Putting $d_i$ and $f$ into the thin-lens equation, and solving for the unknown object distance we have \begin{align*} \frac 1f&=\frac 1d_o+\frac 1d_i \\\\ \frac 1{-30}&=\frac{1}{d_o}+\frac{1}{-1/3 d_o}\\\\ \frac{1}{-30}&=\frac{1-3}{d_o} \end{align*} Rearranging the above expression, and solving for $d_o$ we have $d_o=60\,{\rm cm}$. Thus, the object should be 60 cm from the lens.
(c) Using the thin-lens equation again and solving for the unknown image distance, we get \begin{align*} \frac 1f&=\frac 1d_o+\frac 1d_i \\\\ \frac 1{-30}&=\frac{1}{60}+\frac{1}{d_i}\\\\\Rightarrow \frac{1}{d_i}&=\frac{1}{-30}-\frac{1}{60}\\\\&=\frac{-2-1}{60}\end{align*} Thus, $d_i=-20\,{\rm cm}$. The image distance is negative, as expected for a virtual image. Consequently, the image is formed on the same side as the object.
Recall that the image formed by a diverging lens is always virtual so, by convention, $d_i<0$.
A ray-tracing diagram for this arrangement is also drawn as follows:
Problem (4): An object is located 20 cm to the left of an unknown lens.
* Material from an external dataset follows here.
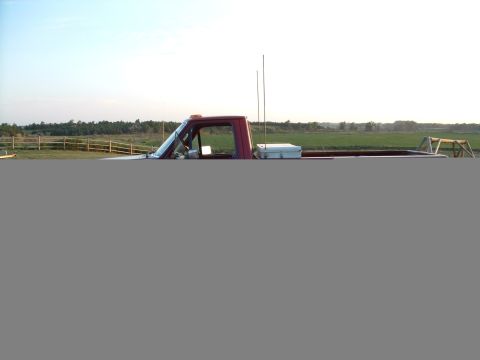 1988 Ford F-150 - A red pickup truck is parked in a grassy field with a wooden fence in the background.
Its image is also formed 12 cm on the same side as the object. (a) Find the focal length of the lens? (b) Is the lens converging or diverging? (c) Determine the magnification of the lens.
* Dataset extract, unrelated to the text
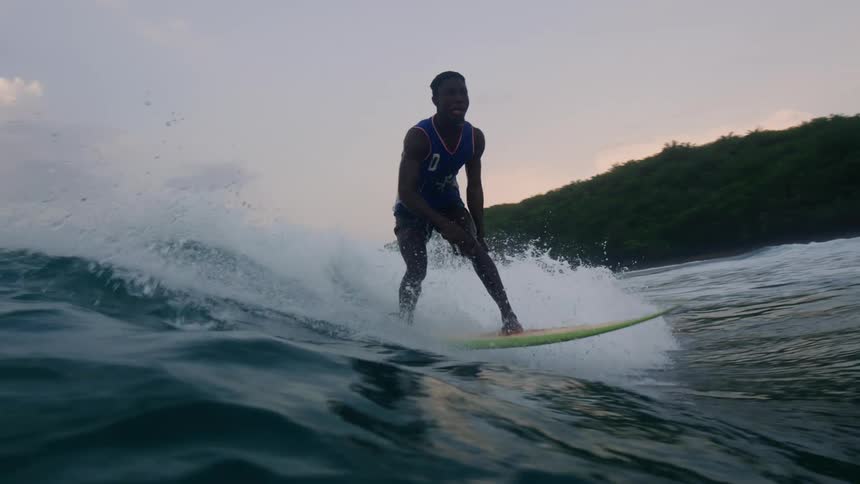 A male is surfing on a body of water during dusk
Solution: The object and image distances are $d_o=20\,{\rm cm}$ and $d_i=-12\,{\rm cm}$, respectively.
A minus sign was placed for the image distance, as the problem states that the image is formed on the same side of the lens as the object so, by convention, the image is virtual.
(a) Substituting the known values into the thin-lens equation, we have \begin{align*} \frac 1f&=\frac 1d_o+\frac 1d_i \\\\ \frac 1{f}&=\frac{1}{20}+\frac{1}{-12}\\\\&=\frac{1}{-20}-\frac{1}{-12}\\\\ \Rightarrow d_i&=-7.5\quad {\rm cm}\end{align*} Therefore, the focal length is 7.5 cm.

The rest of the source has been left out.